Art Gallery New South Wales

This week, The Past Present turns its attention to one of the many beautiful and somewhat iconic buildings around Sydney. Sydney has spectacular architecture displayed in many of our old buildings. One of the most spectacular, with its beautiful facades and imposing columns, is the Art Gallery of New South Wales, pictured above on a postcard from the early 20th century. Intriguingly, note the building work going on, indicating that, at the time of the postcard, the Art Gallery was yet to be completed!

The Art Gallery of New South Wales has its inception in the 1870s,when an Academy of Art was established to promote fine arts in Sydney. With funds contributed by the Government of the time, the Academy purchased the first works to be held in the collection of the Art Gallery of New South Wales. Over the next decade the collection developed and grew, and a permanent home to house the collection quickly became a necessity and John Horbury Hunt was asked to submit plans for the gallery. This original building, which became known as ’the Art Barn’ was not much more than a series of thick walls, but provided a temporary home until funds for a more appropriate building could be obtained.
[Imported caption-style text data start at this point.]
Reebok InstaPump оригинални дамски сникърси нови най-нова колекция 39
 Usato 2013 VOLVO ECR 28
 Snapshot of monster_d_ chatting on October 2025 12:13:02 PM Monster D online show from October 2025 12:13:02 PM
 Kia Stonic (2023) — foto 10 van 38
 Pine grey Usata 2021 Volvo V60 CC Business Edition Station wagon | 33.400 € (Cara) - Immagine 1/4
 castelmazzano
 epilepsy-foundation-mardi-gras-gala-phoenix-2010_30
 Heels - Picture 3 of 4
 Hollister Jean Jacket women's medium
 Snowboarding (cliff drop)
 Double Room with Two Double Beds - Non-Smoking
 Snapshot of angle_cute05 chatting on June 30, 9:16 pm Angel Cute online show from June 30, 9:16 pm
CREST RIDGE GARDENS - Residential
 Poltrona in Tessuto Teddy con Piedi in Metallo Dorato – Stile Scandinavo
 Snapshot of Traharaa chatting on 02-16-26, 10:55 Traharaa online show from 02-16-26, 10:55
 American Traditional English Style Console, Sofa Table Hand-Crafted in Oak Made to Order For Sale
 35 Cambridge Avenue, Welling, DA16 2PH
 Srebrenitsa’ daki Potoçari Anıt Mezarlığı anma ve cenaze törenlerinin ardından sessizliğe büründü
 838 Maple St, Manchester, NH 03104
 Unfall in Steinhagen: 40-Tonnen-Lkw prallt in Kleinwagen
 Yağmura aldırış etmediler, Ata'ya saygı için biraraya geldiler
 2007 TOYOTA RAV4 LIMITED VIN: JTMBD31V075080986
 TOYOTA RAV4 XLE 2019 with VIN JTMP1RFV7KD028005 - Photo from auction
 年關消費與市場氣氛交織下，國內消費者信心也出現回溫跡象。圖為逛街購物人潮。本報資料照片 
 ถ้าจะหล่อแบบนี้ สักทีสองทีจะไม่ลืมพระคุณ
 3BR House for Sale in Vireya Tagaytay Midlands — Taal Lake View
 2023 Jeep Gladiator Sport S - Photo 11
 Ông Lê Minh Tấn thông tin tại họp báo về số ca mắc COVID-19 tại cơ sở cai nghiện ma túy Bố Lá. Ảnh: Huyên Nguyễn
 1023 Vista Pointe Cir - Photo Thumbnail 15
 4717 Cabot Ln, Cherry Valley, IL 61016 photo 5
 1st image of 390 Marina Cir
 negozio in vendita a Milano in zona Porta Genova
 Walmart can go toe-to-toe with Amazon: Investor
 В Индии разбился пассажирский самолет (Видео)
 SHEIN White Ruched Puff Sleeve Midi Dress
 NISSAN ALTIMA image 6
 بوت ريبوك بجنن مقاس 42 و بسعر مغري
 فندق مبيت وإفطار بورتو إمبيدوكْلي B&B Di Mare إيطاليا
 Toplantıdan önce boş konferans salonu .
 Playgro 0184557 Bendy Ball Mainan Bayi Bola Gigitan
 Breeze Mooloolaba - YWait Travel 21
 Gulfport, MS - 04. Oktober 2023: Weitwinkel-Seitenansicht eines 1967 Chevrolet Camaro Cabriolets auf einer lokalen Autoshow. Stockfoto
In 1889 Hunt was asked to complete a further set of plans for the gallery, and in total he submitted three designs. However, none were viewed as appropriate, being too large, too grand, and too much a hybrid of architectural styles.

The trustees of the gallery really wanted a Classic Ionic design, a temple to art in the Greek style, and they looked to Walter Vernon to provide it. At the time, this was quite different to the type of architecture Vernon was known for, but his design certainly met with the demands of the trustees, though what we see today is a little more austere and less ornamented than Vernon envisaged. The building was completed in four stages and by 1901 the southern half of the building had been completed and in 1909 the front of the gallery was complete. However, nothing further of Vernons designs was built, despite plans to do so during the 1930s. Further extensions to the building were completed in time for the 1988 Bicentenary, and there have been many additions and alterations since.